Assembly

8D. The language shall not require the presence of an operating system. [Note that on many machines it will be necessary to provide run-time procedures to implement some features of the language.]

8E. There shall be a few low level operations to interrogate and control physical resources (e.g., memory or processors) that are managed (e.g., allocated or scheduled) by built-in features of the language.

11E. There shall be a machine independent interface to other programming languages including assembly languages. Any program element that is referenced in both the source language program and foreign code must be identified in the interface. The source language of the foreign code must also be identified.

Creating a high-level programming language with absolutely no runtime overhead is a challenging task. For example C has runtime overhead: the generated instruction sequences may not be optimal, memory management with malloc/free may be slower than a custom allocator, data type layouts may not be optimal, function calls follow the C calling convention which is not necessarily the fastest, and the standard library may be slower than hand-written routines.

So writing code in assembly can be advantageous. It is best to think of a high-level programming language as a macro assembler with particularly complex macros - this begs the question of why most languages make it so hard to use inline assembly. Even in a JIT-style execution model, some amount of code is compiled to assembly. The difference is there are also jumps into the interpreter, which sort of “glues together” regions of compiled code.

On the other hand, typical assembly syntaxes deviate from the rules and structures that people expect. By exposing assembly facilities as intrinsics, developers can solve performance and functionality issues without the need to learn a separate set of “low-level” assembly language conventions. Writing even the lowest level code in Stroscot style allows developers to “open up the hood” without switching to another language. Admittedly, using assembly to solve a performance problem is sometimes like using a sledgehammer to crack open an egg, but in situations such as SIMD optimization, the research is not yet at a level that allows 100% perfect code generation. Assembly intrinsics provide a viable solution to addressing this issue. Furthermore, this solution is robust, in that almost any issue can be solved by writing the desired program in assembly. Not every developer will need to use assembly to satisfy their requirements, and indeed it is generally better to use higher-level facilities, but as a fallback strategy, allowing direct assembly provides a level of control not otherwise possible. I say “direct” but in fact register allocation is not too hard to do optimally so Stroscot assembly mainly lives at the level of intrinsics rather than machine code instructions.

Architectures

The first step in dealing with assembly is to decide which instruction set architectures to support. I couldn’t find a list of processor architectures by popularity, but from this quora answer and checking it by googling numbers of units sold for other random ISAs, the two primary architectures are x86-64 AMD64 (desktops) and ARM64 (mobile devices).
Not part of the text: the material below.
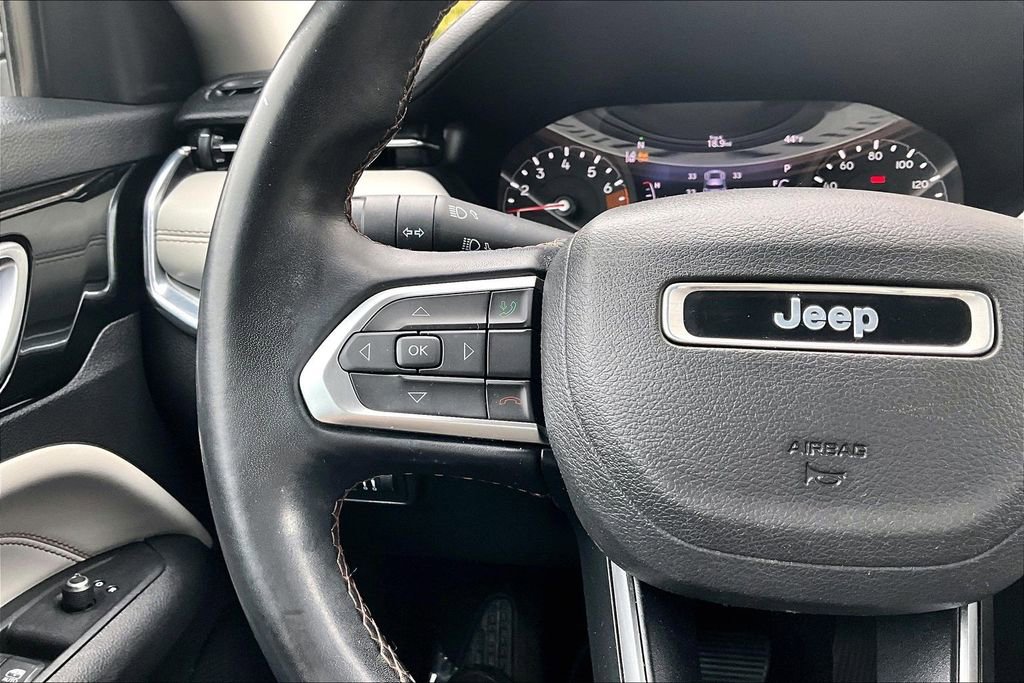 Used 2022 Jeep Compass Limited image 18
Others to consider as well:

  • C: compilation to a self-contained C program makes porting much easier, and obviates the need for many of these architectures. Verdict: on the roadmap. Note though that this is only compiling to a subset of C - not every C program can be produced. For example, jumps (tail calls) are hard to encode in C - you either do one massive function with goto’s, or trampolining, or non-portable TCO conventions like Manticore’s JWA convention.

  • WASM: it still doesn’t support tail calls. Given the lack of progress it seems like a low priority. Verdict: Contributor.

  • LLVM: The bitcode format may be worth targeting at some point. Per blog posts the API is much more unstable than the IR, and generating the IR in memory and parsing it is about as fast as using the API. Verdict: Contributor.

  • RISC-V: There are $100-ish dev boards listed at https://riscv.org/exchange/boards/. No non-dev systems yet. It’s a relatively simple ISA, similar to ARM. Verdict: Contributor

  • 32-bit ARM: Old phones, the Raspberry Pi Zero. The XML database is similar. Verdict: Contributor.

  • 32-bit x86: Old desktop PCs. From a time/effort perspective it seems cheaper to buy a new computer instead of writing support for these. Verdict: C backend or contributor.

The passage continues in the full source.